Despite the similarities, Ambivalence Avenue has a wider, more varied base from which it draws inspiration than any of Koushik’s records to date. Bibio has dramatically expanded his sound, adding song structure, moving far beyond the ambition of the solid but somewhat limited Compost. Ambivalence Avenue effortlessly breezes through genres, maintaining coherence and wearing its influences on its sleeve; from the warped Sly Stone wah wah guitar funk of ‘Jealous of Roses’, with distant echoing vocals mixed down in the track, to the Boards of Canada homage ‘Sugarette’, which adds squelches of bass, cut up vocoder snippets and spectrum-esque bleeps and FX to the formula, while keeping the same dreamy atmospheric aesthetic.

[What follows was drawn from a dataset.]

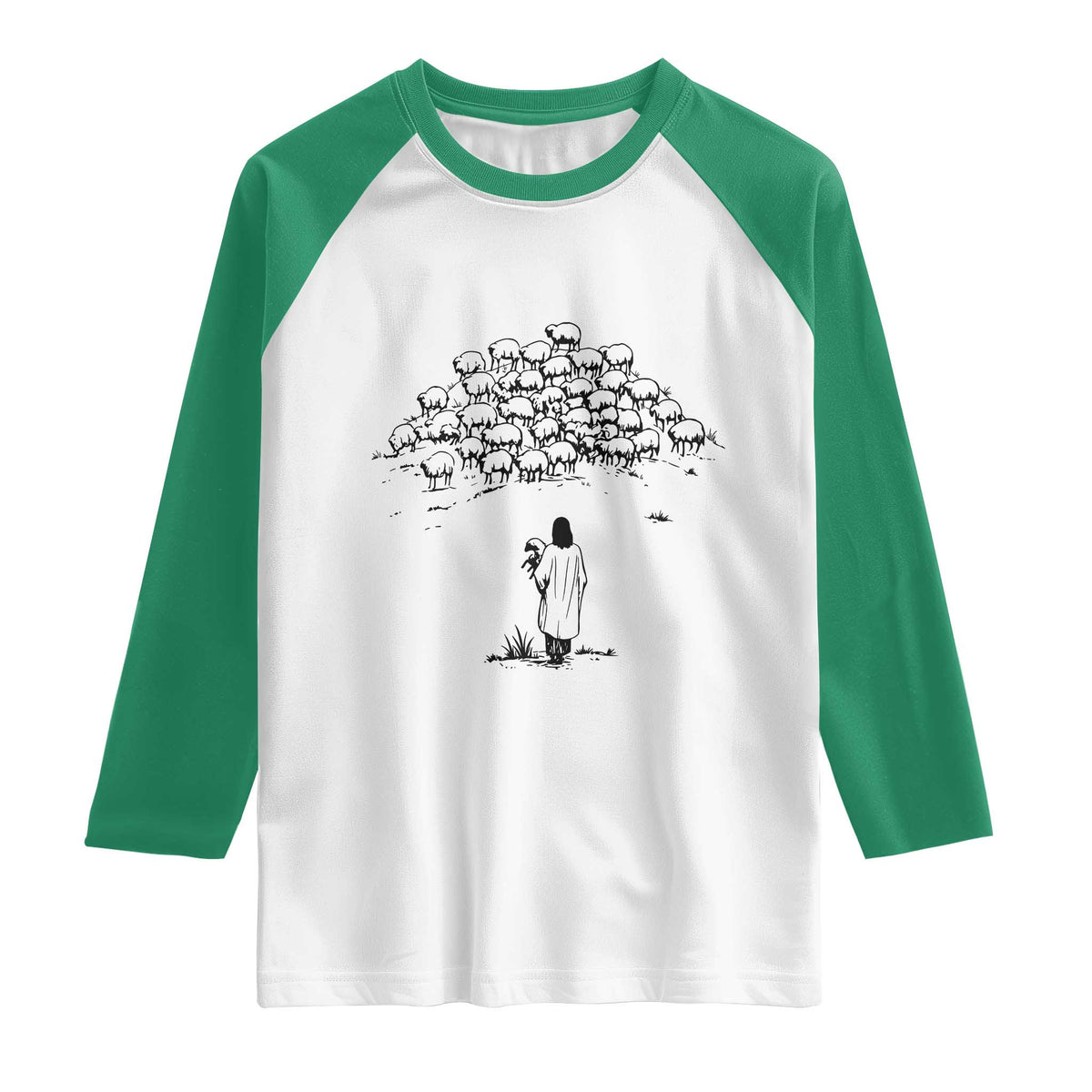 Jesus The Good Shepherd Minimalist Christian Raglan Shirt Sheep Flock Faith Spiritual Inspirational Gift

Bibio doesn’t have the stylistic limitations of some of the Warp stalwarts most strongly associated with label, stretching his range far beyond the glitch electronic template. ‘Lovers Carving’ has a sunny and simultaneously melancolie guitar line leading into a lilting, uplifting, West Coast pop inflenced, hand clap driven number, with a hint of (now increasingly prominent) African melody. Maybe, dare I say it, even a touch of Paul Simon drifts into the mix. There is an indie folk presence, acoustic tracks where dreamy vocals and harmonies weave in and out, distorted harpsicord, bouncing flute, and wonky guitar loops infiltrate, while ‘The Palm of Your Wave’ sounds like a mellow Neil Young offering circa the After the Gold Rush era. Read the rest of this entry »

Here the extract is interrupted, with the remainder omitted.